On Thu, Nov 28, 2019 at 02:53:03PM +0100, Pavlo Golub wrote: > On Thu, 28 Nov 2019 at 10:47, Laurenz Albe <laurenz.albe@cybertec.at> wrote: > > > > On Wed, 2019-11-27 at 17:54 +0000, PG Doc comments form wrote: > > > "If a list of columns is specified, COPY will only copy the data in the > > > specified columns to or from the file. If there are any columns in the table > > > that are not in the column list, COPY FROM will insert the default values > > > for those columns." > > > > > > I clearly see "to or from" file here. But if one tries to COPY FROM filename > > > with more columns than list specified, the process fails: > > > > I think you misunderstood the documentation. > > Yeap, I did. Even two of us.
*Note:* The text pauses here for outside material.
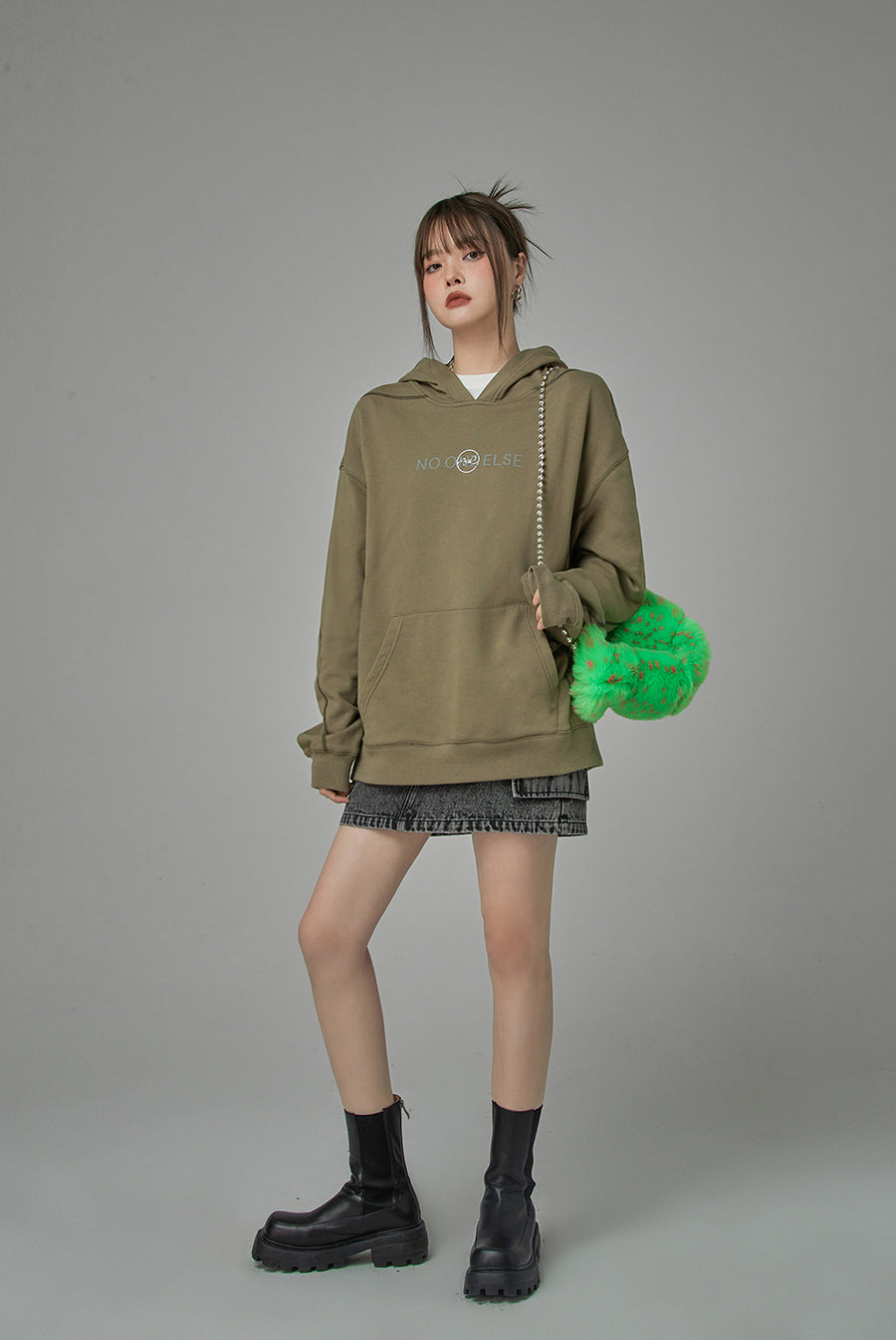 CHUU Art Of Reading Minds Hoodie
Laetitia was helping me :) > > > > > Nowhere in that sentence is the documentation talking about columns in > > the file, only columns in the table. > > > > But if you got it wrong, maybe a clarification would be a good idea. > > I think it better to have more details to avoid confusion. How is the attached patch? -- Bruce Momjian <bruce@momjian.us> http://momjian.us EnterpriseDB http://enterprisedb.com + As you are, so once was I. As I am, so you will be. + + Ancient Roman grave inscription +
Attachment
On Thu, 19 Dec 2019 at 17:53, Bruce Momjian <bruce@momjian.us> wrote: > > On Thu, Nov 28, 2019 at 02:53:03PM +0100, Pavlo Golub wrote: > > On Thu, 28 Nov 2019 at 10:47, Laurenz Albe <laurenz.albe@cybertec.at> wrote: > > > > > > On Wed, 2019-11-27 at 17:54 +0000, PG Doc comments form wrote: > > > > "If a list of columns is specified, COPY will only copy the data in the > > > > specified columns to or from the file. If there are any columns in the table > > > > that are not in the column list, COPY FROM will insert the default values > > > > for those columns." > > > > > > > > I clearly see "to or from" file here. But if one tries to COPY FROM filename > > > > with more columns than list specified, the process fails: > > > > > > I think you misunderstood the documentation. > > > > Yeap, I did. Even two of us. Laetitia was helping me :) > > > > > > > > Nowhere in that sentence is the documentation talking about columns in > > > the file, only columns in the table. > > > > > > But if you got it wrong, maybe a clarification would be a good idea. > > > > I think it better to have more details to avoid confusion. > > How is the attached patch? Sounds great to me! Thanks! > > -- > Bruce Momjian <bruce@momjian.us> http://momjian.us > EnterpriseDB http://enterprisedb.com > > + As you are, so once was I. As I am, so you will be. + > + Ancient Roman grave inscription + -- -- Hoc est vivere bis, vita posse priore frui. Nullus est in vitae sensus, ipsa vera est sensus.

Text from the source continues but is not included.